A more modern solution than the “on-sidewalk” cycleways in the south part of the street (Larenseweg) is this bi-directional cycleway of a good width and with smooth red asphalt. Note that the roadway has a speed bump, not present on the cycleway. Having a bi-directional cycleway on one side of the road has the disadvantage that you have to cross the roadway more often (twice more in this particular ride) but I personally like this better than the example in the south part of this street from the earlier pictures. It is wider and it is easier to overtake other people cycling.
After the right turn from the bi-directional cycleway I turned into a residential area (Ripolinstraat) where the volumes are low. That means no separate cycle infrastructure is necessary. In this case there is virtually also no specific infrastructure for walking which gives away that this is a so-called “Woonerf” meaning “living yard”. The speed limit was long “walking pace” for such zones but the EU forced the Dutch to put a number on that and it became 15km/h or just over 9 miles per hour.

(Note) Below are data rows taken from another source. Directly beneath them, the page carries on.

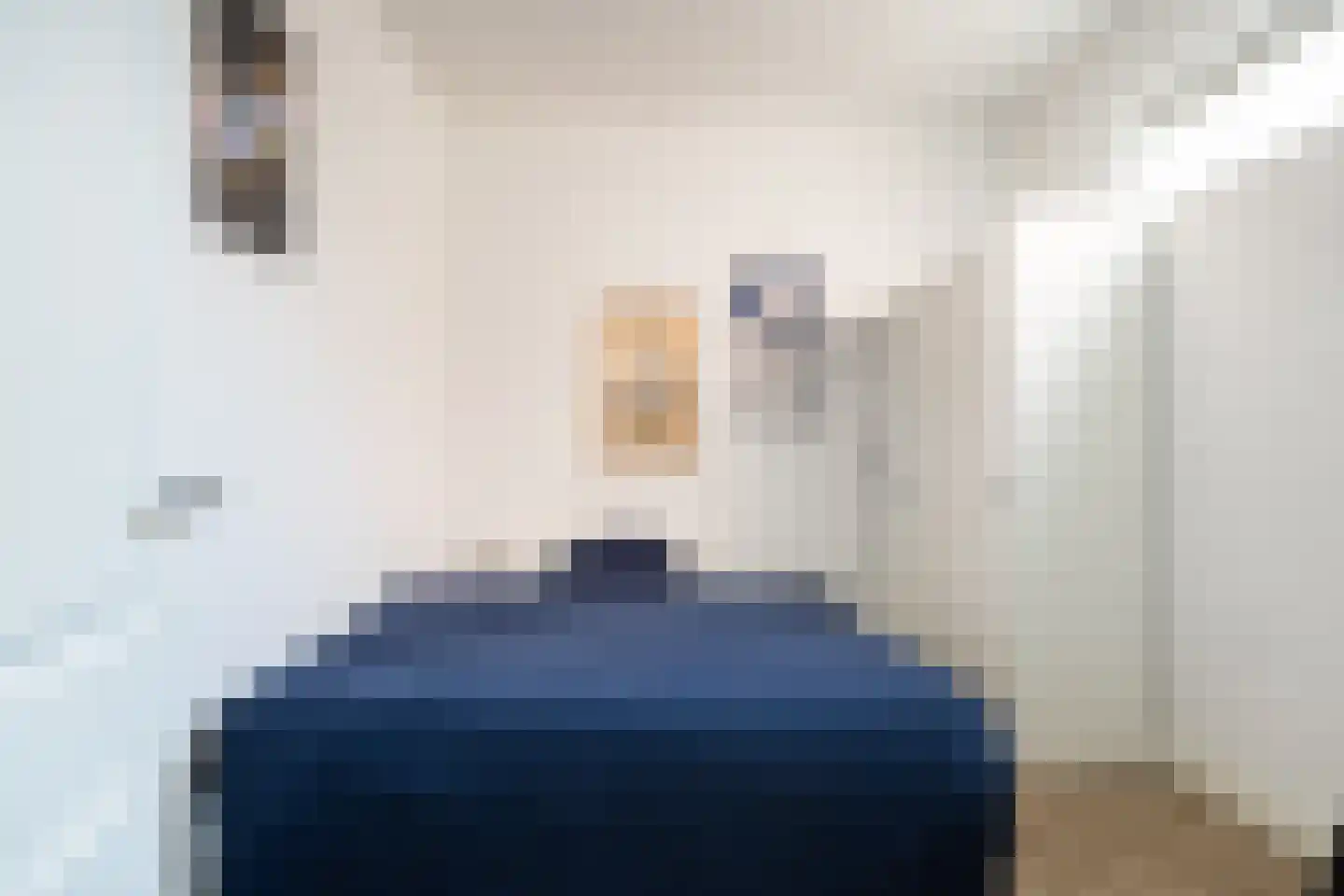 Javastraat 40 Utrecht thumbnail 8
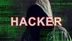 Hackerlar Ayda 10 Bin Lira Maaş İle Siber Saldırılar İçin Memur Olarak İşe Alınacak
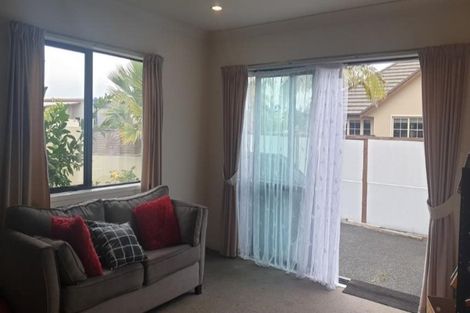 Photo of property in 73 Santa Cruz Drive, Papamoa Beach, Papamoa, 3118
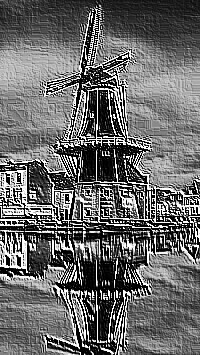 Skamielina
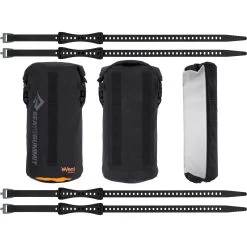 Sea To Summit Alto TR2 Bikepack - 2 Personen Zelt 27 Sea To Summit Alto TR2 Bikepack - 2 Personen Zelt -Camping Verkäufe sea to summit alto tr2 bikepack 2 personen zelt sts ats041051 170402 13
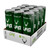 BUCKED UP LFG BURN ENERGY 12 OZ 12PK APPLE ORCHARD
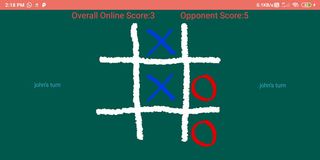 Vintage Games - Screenshot 2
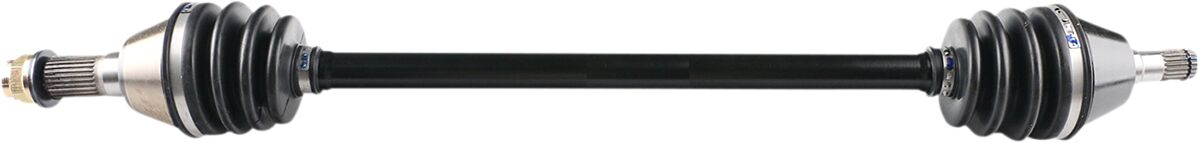 Комплект оси CANAM MOOSE RACING CAN-7063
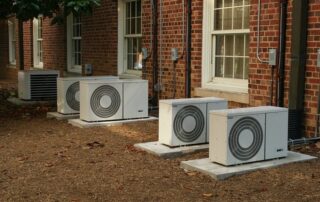 10 Signs That It's Time to Maintenance Your AC System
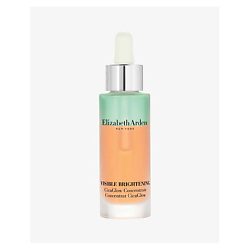 Осветляющий отшелушивающий концентрат Visible Brightening Cica Glow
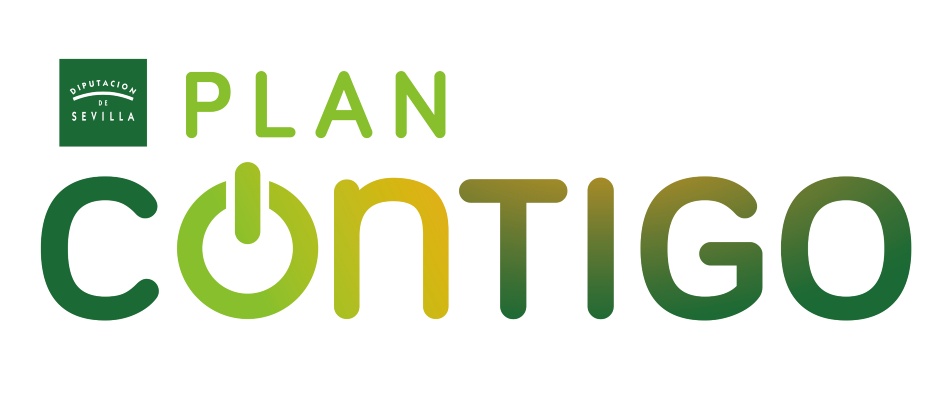 logotipo_PLAN_CONTIGO 5000px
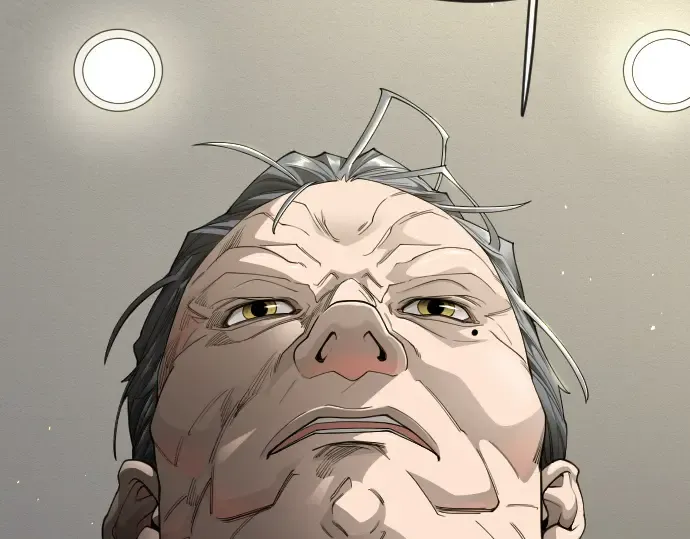 第二季 第102话 第250页
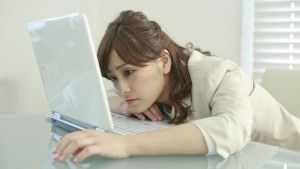 婚活サイトを選ぶ前にチェック！婚活サイト比較のコツ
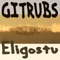 Dif Ior Stuy Od - Gitrubs lyrics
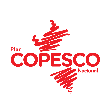 COPESCO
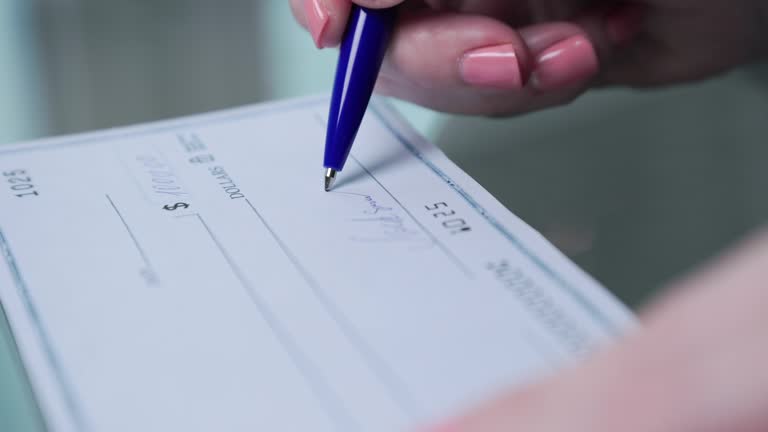 Best Small Business Administration (SBA) Loans  in Shorewood Hills, WI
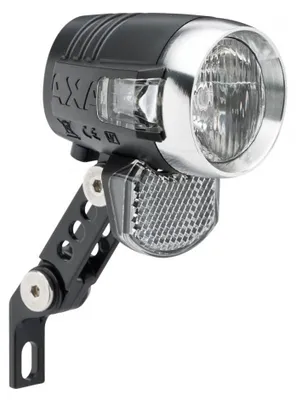 Immagine prodotto di Faro Axa blueline50-t steady – nero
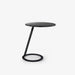 Ligne Roset Good Morning Pedestal Table - MyConcept Hong Kong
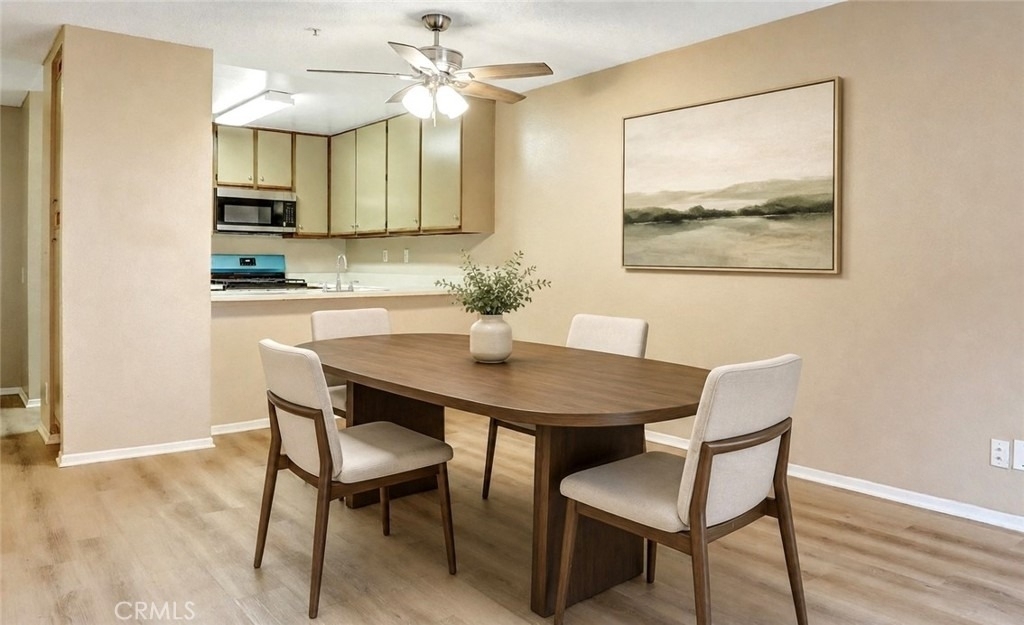 450 E 4th Street - Photo 3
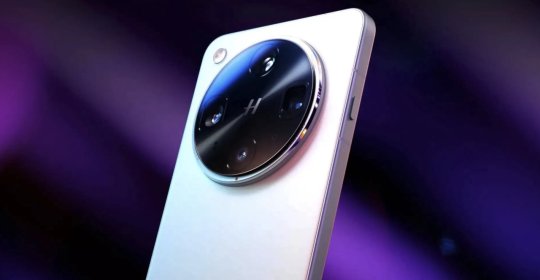 OPPO Find X9 Ultra - imagini neoficiale înainte de lansarea din 21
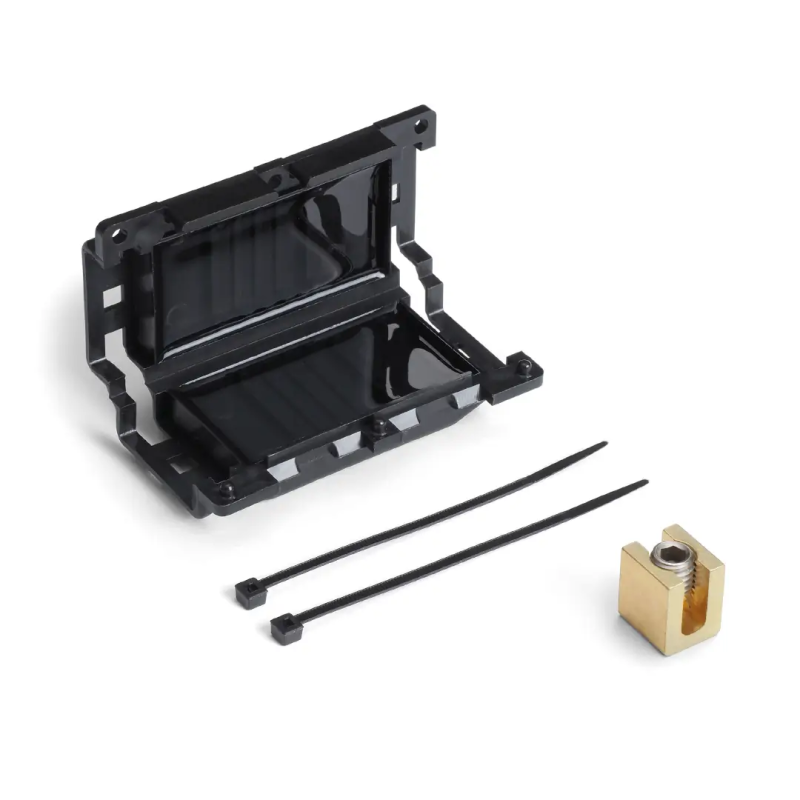 SUPER CLIK MINI Y - RAYTECH SUPERCLIKMINI-Y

The ride takes me a short bit from the living zone into a pedestrian zone (Ripolinpad). But the sign says cycling is permitted, riding a moped/scooter is not.
The end destination is that larger building in the distance. It is in a residential street with sidewalks (Seinstraat) where the speed limit is again 30km/h. Hence no cycling infrastructure.
This building is the seat of a number of businesses. There is a rack to park your bicycle right next to the front door. Once again a very convenient ride; relaxed and uneventful.
Map with the ride I just described. As you can see I cycled across a large part of the town from the centre to almost the edge in 5 minutes. That is how small most towns in the Netherlands are.
My “real” ride in Hilversum. From the station to Seinstraat in the north-east.